Pourtant, je crois qu'il n'est pas idiot. Je le crois même intelligent. Enfin, disons qu'il a une sorte d'intelligence qui n'est pas la même que nous. C'est autre chose. C'est une forme d'intelligence plus radicale, plus souterraine, basée sur ce qu'on ressent plutôt que sur ce qu'on comprend... Ce n'est pas facile à expliquer. Mais chaque fois qu'il parle à quelqu'un, chaque fois qu'il m'a parlé, et c'est rare, il dit des choses étonnantes avec sa drôle de voix. Étonnantes et inattendues. On dirait qu'il prévoit les évènements. On peut le dire comme ça, mais en réalité je crois qu'il les voit simplement comme si c'était de l'actualité. Pour lui tout se tient, tout est actuel, parce qu'il ressent des ensembles, d'un seul coup, dans leur totalité. Je ne sais pas si je me fais bien comprendre, Monsieur le Maire. Et ne me regardez pas comme ça ! Je ne suis pas fou. Il y a dix ans que je l'observe, ce gamin. Croyez-moi, il n'a rien d'un sorcier, ni d'un devin. Il ne sent pas comme nous, c'est tout. Nous on sent de l'extérieur, mais lui, il peut aller voir en dedans, à l'intérieur des gens, des bêtes et des choses. En tout cas, c'est ainsi que je le comprends.
Mais son entourage le surveille comme un oracle, comme un baromètre : s'il a un comportement normal, sans souci, ou même gai, ce qui est rare... tout va bien.

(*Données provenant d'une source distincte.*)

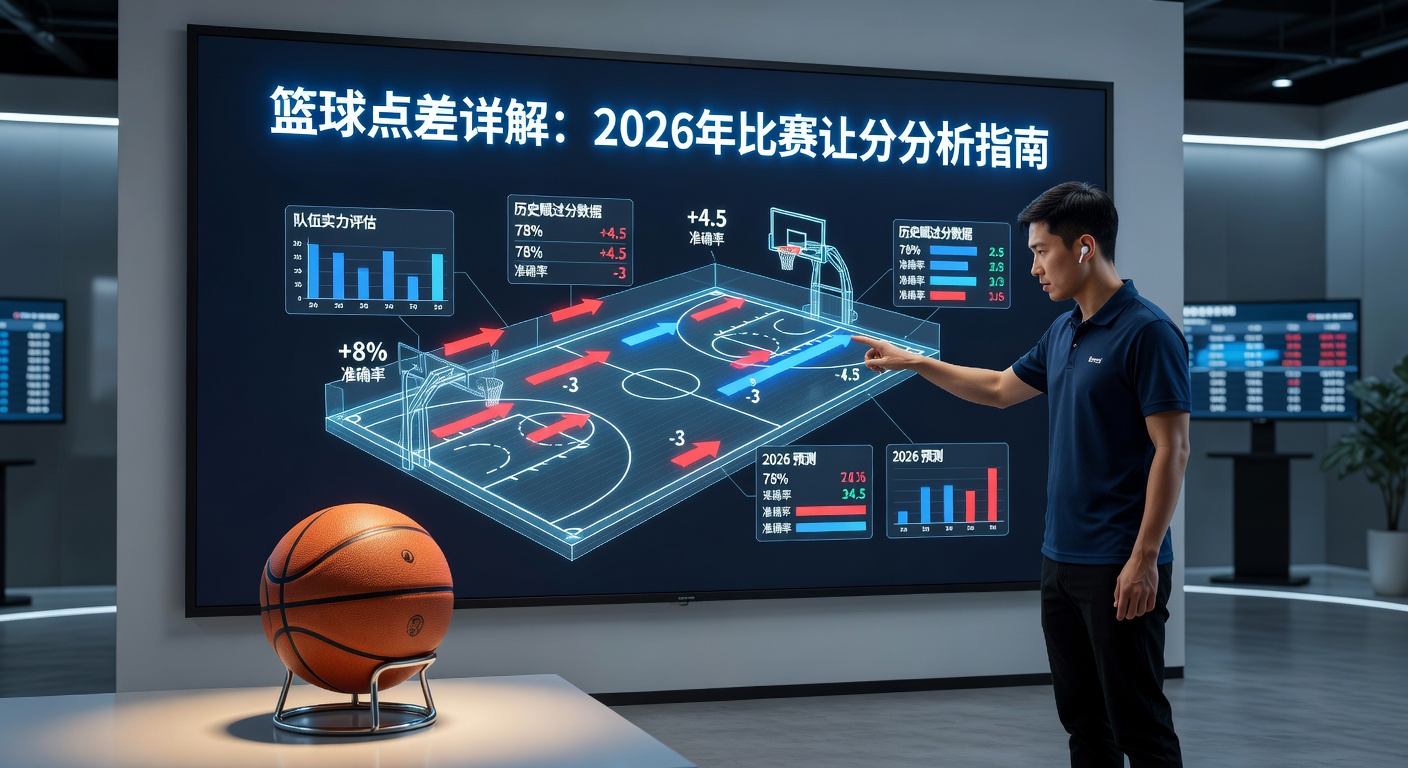 篮球点差详解：2026年比赛让分分析指南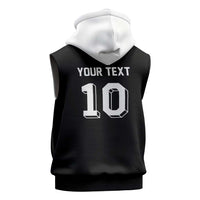 Custom Aotearoa Rugby Sleeveless Hoodie Fern Blacks-Traditional Maori Motifs Design LT03 - Polynesian Pride
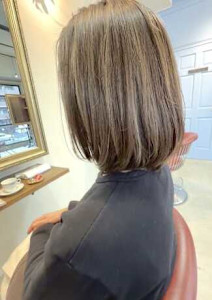 大人小顔似合わせボブヘア。 - Lourdes hair design掲載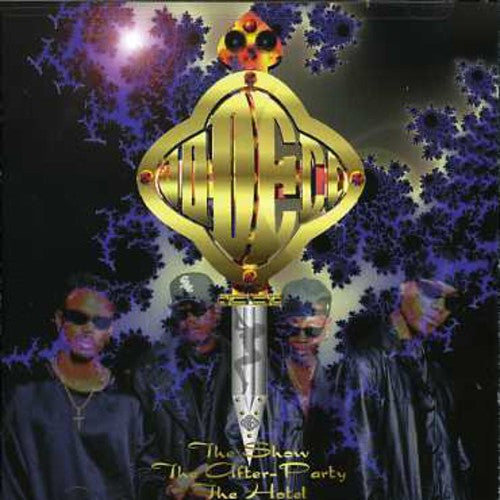 the album cover for Jodeci - Show the After Party the Hotel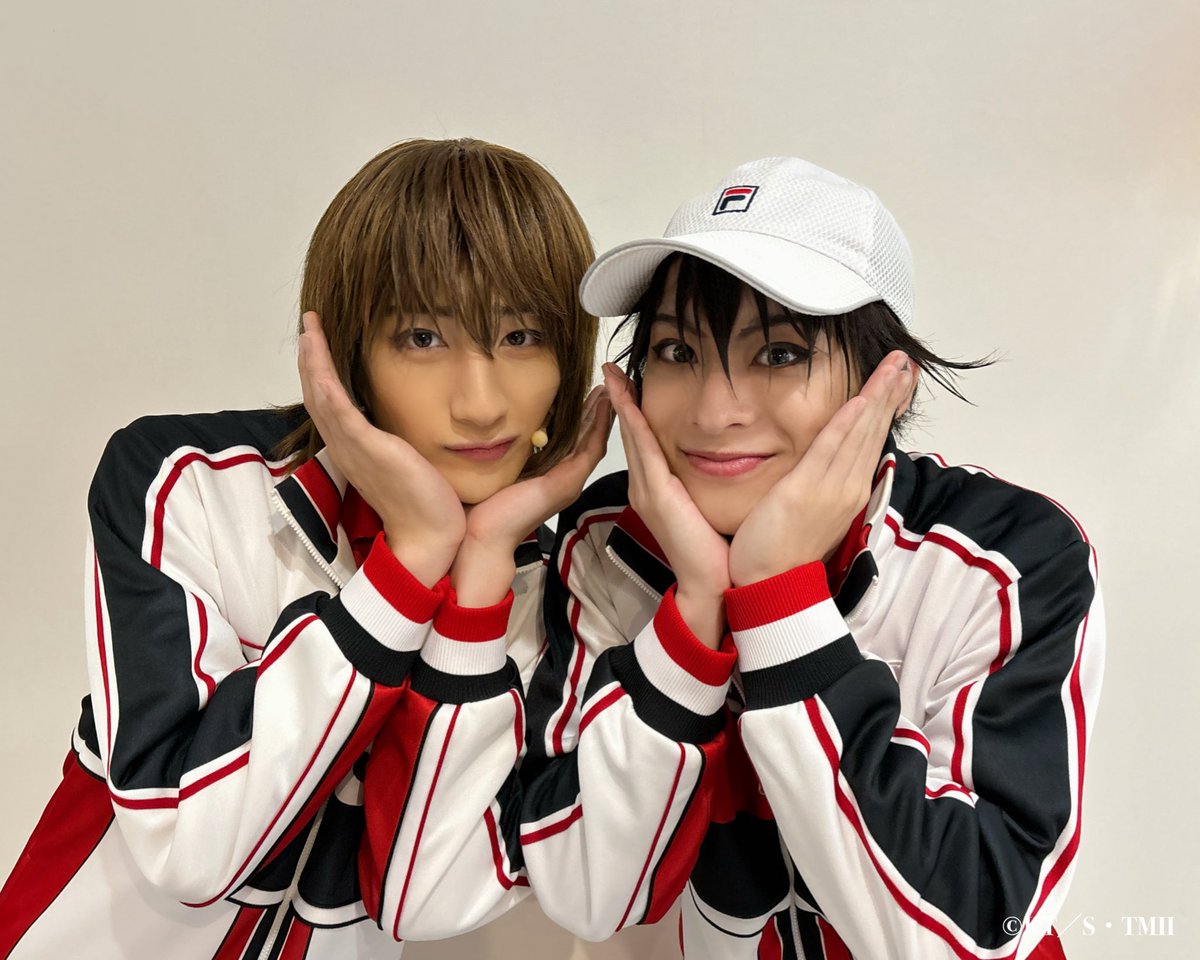 新テニミュ 】兼ね役② 続いてテニミュボーイズです🎾不二周助役の安宅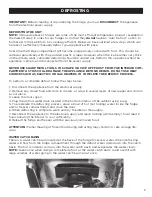 Preview for 9 page of Unique UGP-275L B AC Owner'S Manual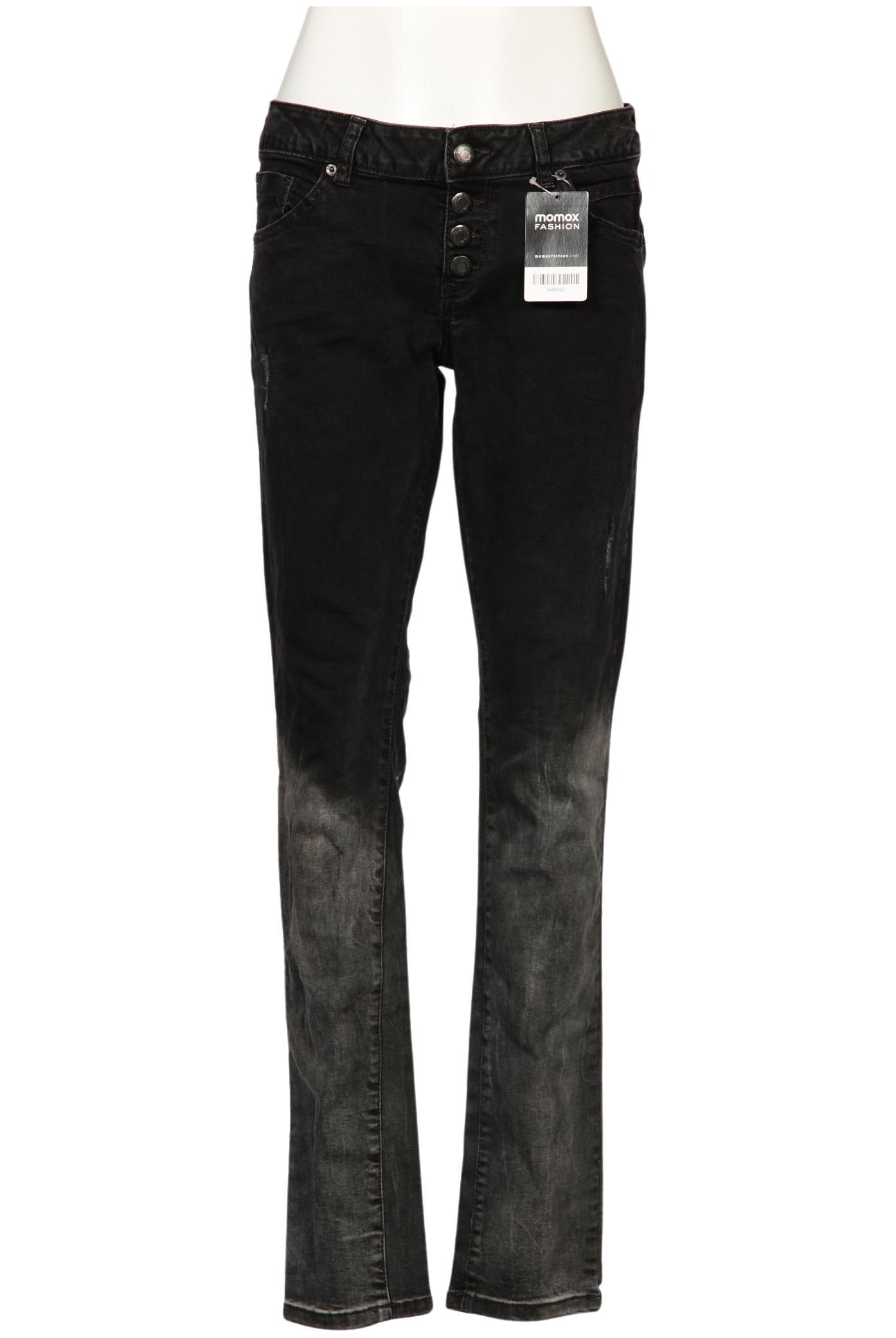 

QS by s.Oliver Damen Jeans, schwarz, Gr. 38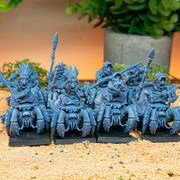 Mounted Coast Goblins – Highlands Miniatures 3D printed tabletop miniature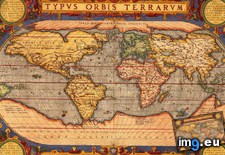 Tags: map, ortelius, world (Pict. in My r/MAPS favs)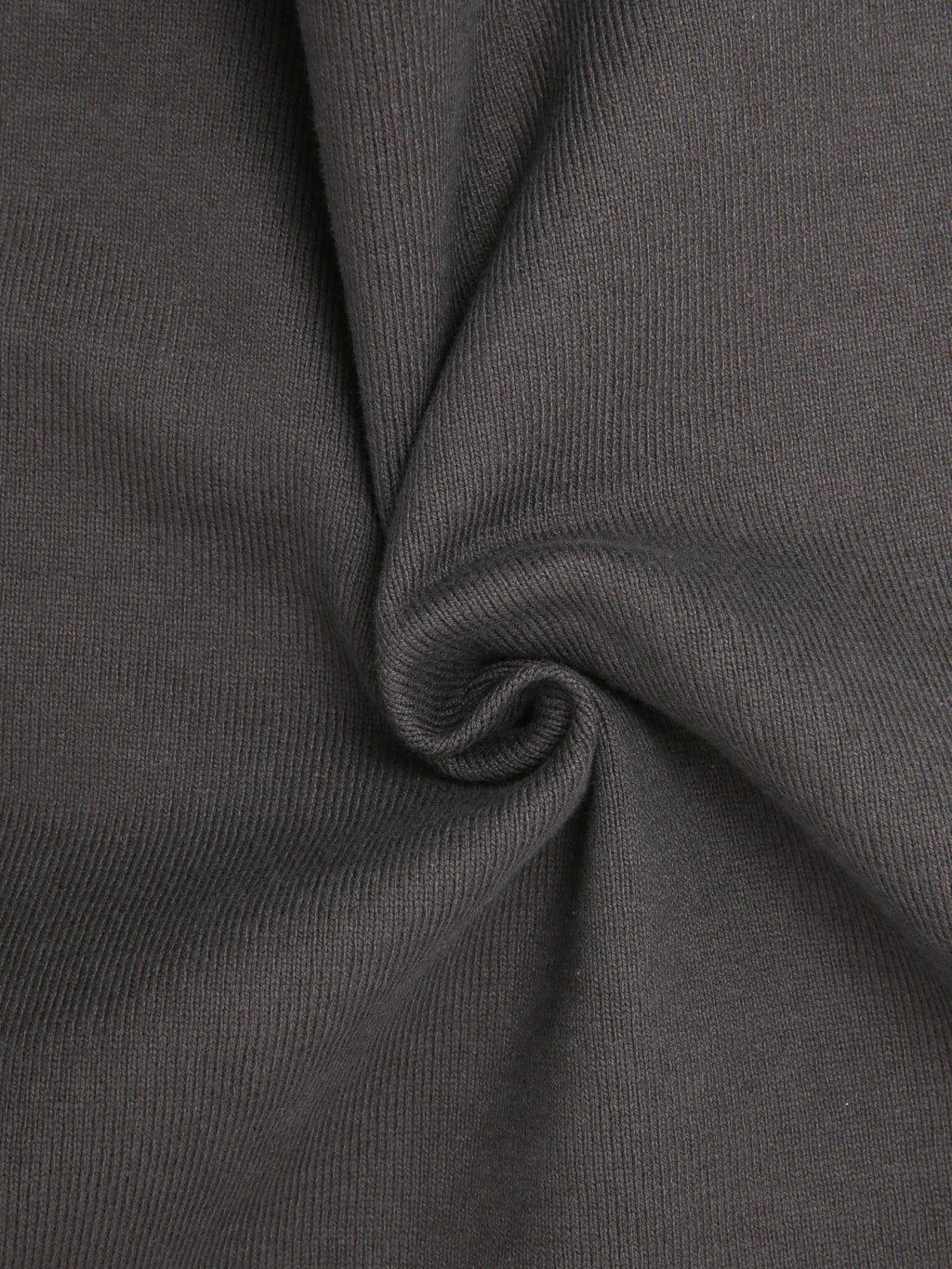 Wonder Looper Double Heavyweight Long Sleeve TShirt Sumi texture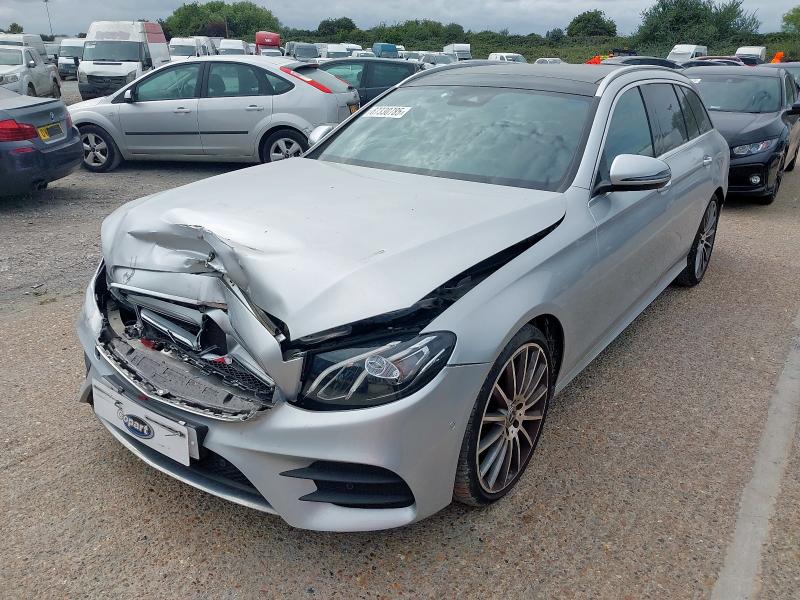 2017 MERCEDES-BENZ E 220 D AMG LINE PREMIUM  for sale at Copart SANDWICH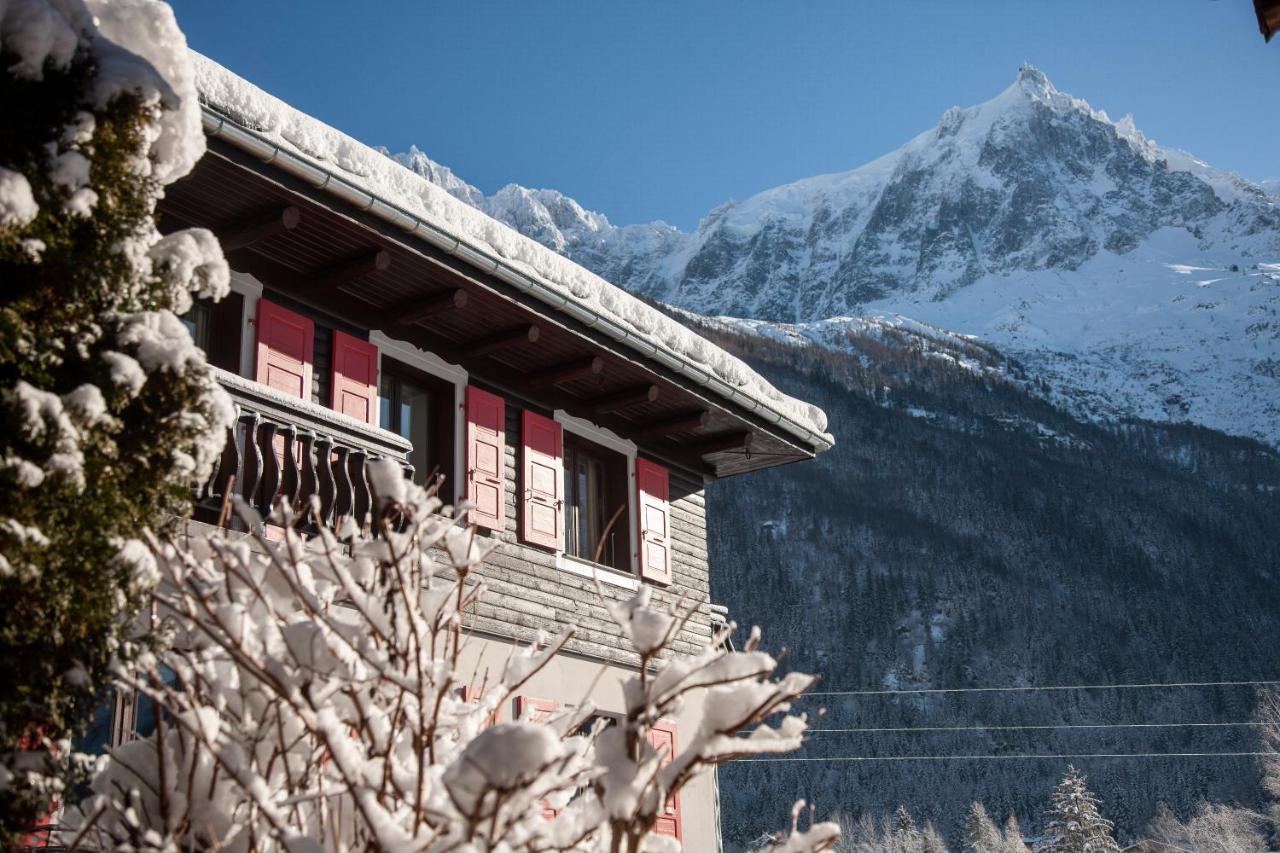 La Chaumiere Mountain Lodge Chamonix Mont Blanc Exterior foto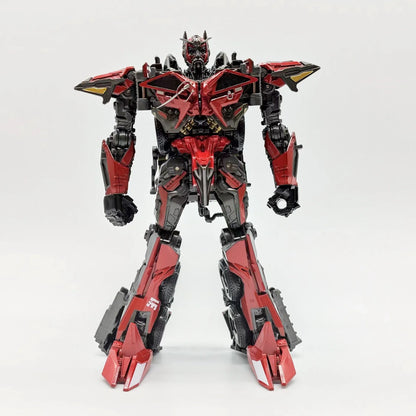 Baiwei Shockwave Transformation Toys – Sentinel Prime TW1024, Ironhide TW1026 & Bumblebee TW1025 Robot Figures TW1028/TW1030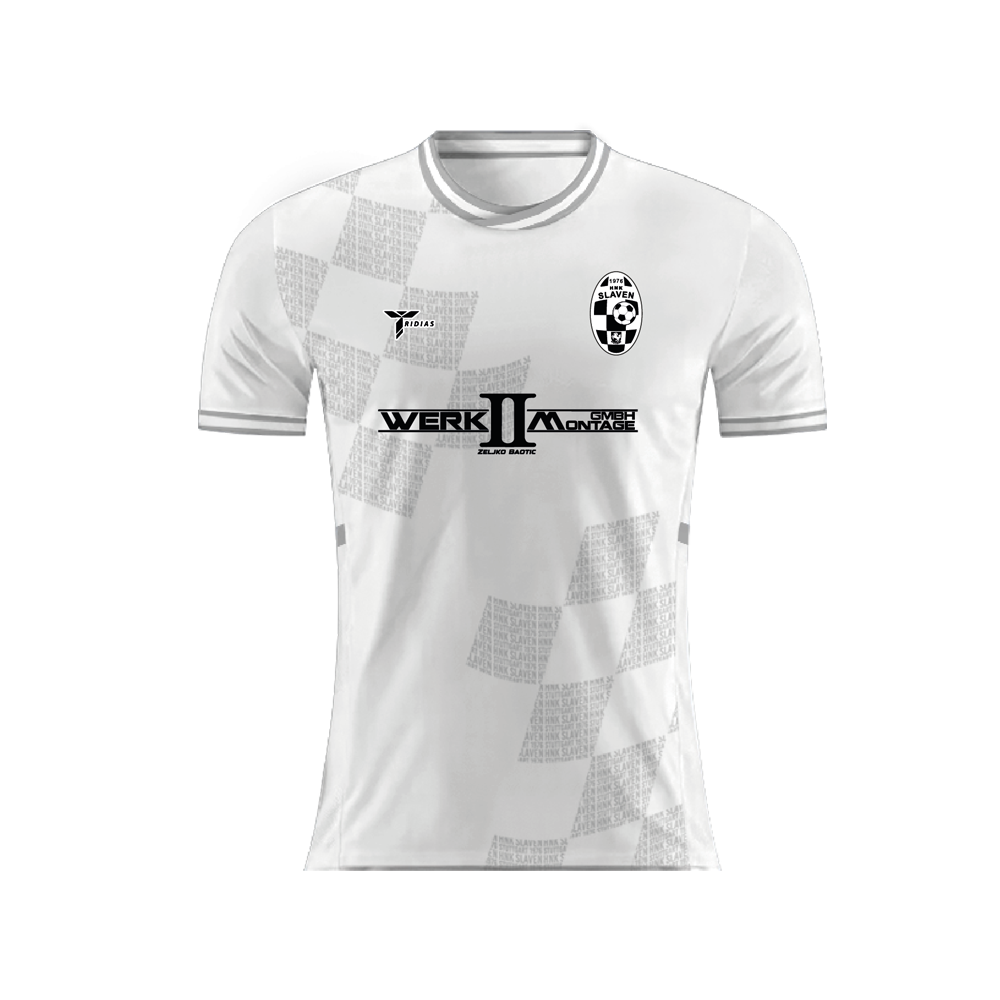 Trikot Tridias Authentic x HNK Slaven Stuttgart weiß (PRE-ORDER ONLY)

Mais pour peu qu'il soit triste, morose, qu'il se mette à se plaindre, à pleurer... c'est le branle-bas dans le mas !! Ils craignent tout et le pire.
Son père m'a un jour raconté ceci.
En plein mois d'août, il y a une dizaine d'années, juste avant la guerre, Dédé s'est mis à gémir, à pleurer pendant plusieurs jours d'affilée. À cette époque, déjà, sa famille savait à quoi s'en tenir à son sujet et ils s'étaient tous postés en sentinelle aux quatre coins de la propriété. Sauf sa mère qui s'ingéniait à le consoler : elle se fait beaucoup plus de souci pour lui que pour ce qui peut arriver. C'est sa mère. Mais les autres passaient leur temps à surveiller les environs et à se surveiller entre eux !
Finalement, un après-midi où il faisait une chaleur caniculaire, le ciel bleu est devenu subitement tout noir et il a éclaté un orage phénoménal. Pendant plus de dix minutes, sans un éclair, sans un tonnerre, il est tombé des grêlons comme des œufs de caille. Ils sont tous rentrés en courant de peur de se faire assuquer. Les trois-quarts des tuiles du mas ont été pulvérisées !! Parfaitement. Et puis une trombe d'eau a suivi : un déluge, un quart d'heure de plus. Les pièces d'habitation ont subi une vraie inondation ! Il y a eu trois ou quatre bêtes, brebis ou chèvres, qui ont été assommées. Elles en sont mortes. Authentique !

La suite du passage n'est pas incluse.